Perhaps if Cargo.toml or some other file (Releases.toml?) existed to correlate semver and version control, but without that I wouldn't see it providing any benefit beyond just using paths really.

There is a .cargo_vcs_info.json in recently published crates that contains commit hash of the checkout at the time of publishing. However, there is never any guarantee about relationship between code on crates.io and git (there are exclude directives in Cargo.toml, and of course it's always possible to reset git repo to any commit and publish something completely different).

BUT "spinning crates.io" is an entirely unnecessary complication you never need. You can specify mixed crates.io+path and crates.io+git dependencies. There are [patch.crates-io] and [patch.'git url'] directives that can be set for the entire workspace. And if all else fails, there's source replacement in .cargo/config that only needs a local path to a git clone of the index.

If you use dependency versioning diligently, then a wrong commit will cause a version mismatch, and from the error message it will be known which version is needed (although I must admit that when developing mostly within git I forget to bump deps' versions).

You can also specify rev or tag for dependencies in Cargo.toml requiring a specific commit that you want. If commit/tag is too specific, you can require a branch (and a version range if branch is too ephemeral).

But in the end if you want multiple repositories, and something on top of them that tracks them and their versions — that's git submodules, unfortunately.

It's possible to independently make a cargo workspace for crates living in different git repositories by using submodules and [patch.'git url'] dep = {path = "./dep"} overrides.

1 Like

Correct, I do not want to replicate crates.io.

I should add, however, that the source replacement in .cargo/config cannot be used to tell Cargo how to find local unpublished crates.

Thanks for pointing out .cargo_vs_info.json, It is a bit unfortunate that this exists in the published crate rather than a list of version/sha1 in the crates.io-index. As it is given an arbitrary git repository, to figure out the crates derived from it, you would need to read Cargo.toml, check crates.io download every cargo package, attempt to rebuild the published crate, check the chksum against the crates.io-index... as you say there is no guarantee that this last step will work (e.g. if the history was rewritten since the crate was released, or presumably any number of reasons).

I know about the Cargo.toml patch directives and .cargo/config, the main thing that is bothersome about these is that

  • Cargo.toml is checked into the repository, mixing local build stuff with remote build stuff, so I end up stashing these a lot.
  • There is no option afaict to specify the path to .cargo/config so we need to switch around filesystem state

Finally, I wasn't suggesting replicating all of crates.io, just populating an instance of a registry served from local git repositories

Correct, but I believe that we were discussing out-of-tree path dependencies instead. If one replaces a git source with a path source, I'm pretty sure that the rev and related information is ignored. The safe way to do things is, as you have mentioned, git submodules. Submodules are presently how I solve this problem.
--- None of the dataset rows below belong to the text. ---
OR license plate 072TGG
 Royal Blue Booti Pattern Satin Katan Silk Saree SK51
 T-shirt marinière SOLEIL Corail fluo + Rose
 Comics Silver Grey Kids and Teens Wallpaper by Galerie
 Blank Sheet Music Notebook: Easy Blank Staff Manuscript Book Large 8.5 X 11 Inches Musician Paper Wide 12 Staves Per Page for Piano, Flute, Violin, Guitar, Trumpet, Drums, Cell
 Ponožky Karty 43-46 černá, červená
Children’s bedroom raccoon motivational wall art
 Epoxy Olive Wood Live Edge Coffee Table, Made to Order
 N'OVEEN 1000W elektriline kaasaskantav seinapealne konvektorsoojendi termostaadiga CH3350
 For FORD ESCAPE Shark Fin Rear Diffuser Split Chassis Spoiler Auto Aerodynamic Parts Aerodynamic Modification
This approach does come with a number of drawbacks, as mentioned above.

@ratmice, are you trying to do something similar to me? If so, can you describe your current workflow?

1 Like

@cbs228 my workflow is currently basically ad-hoc modification via [patch], migrating at various times back and forth between

  • path="../foo",
  • git = "https://somewhere.org/foo.git",
  • version = "..." once everything finally gets upstreamed.

I suppose I am trying to do something similar to you, in that I think the current workflow i use is fairly tedious.

If i can just always use the last option along with the registry="some_local_registry" configured via .cargo/config, And ensure that the cargo publish stuff can be done reproducibly from a local git repository to my local registry, and checked against crates.io-index checksums it could eliminate a lot of fiddling and conflicts that currently arise from modifying Cargo.toml.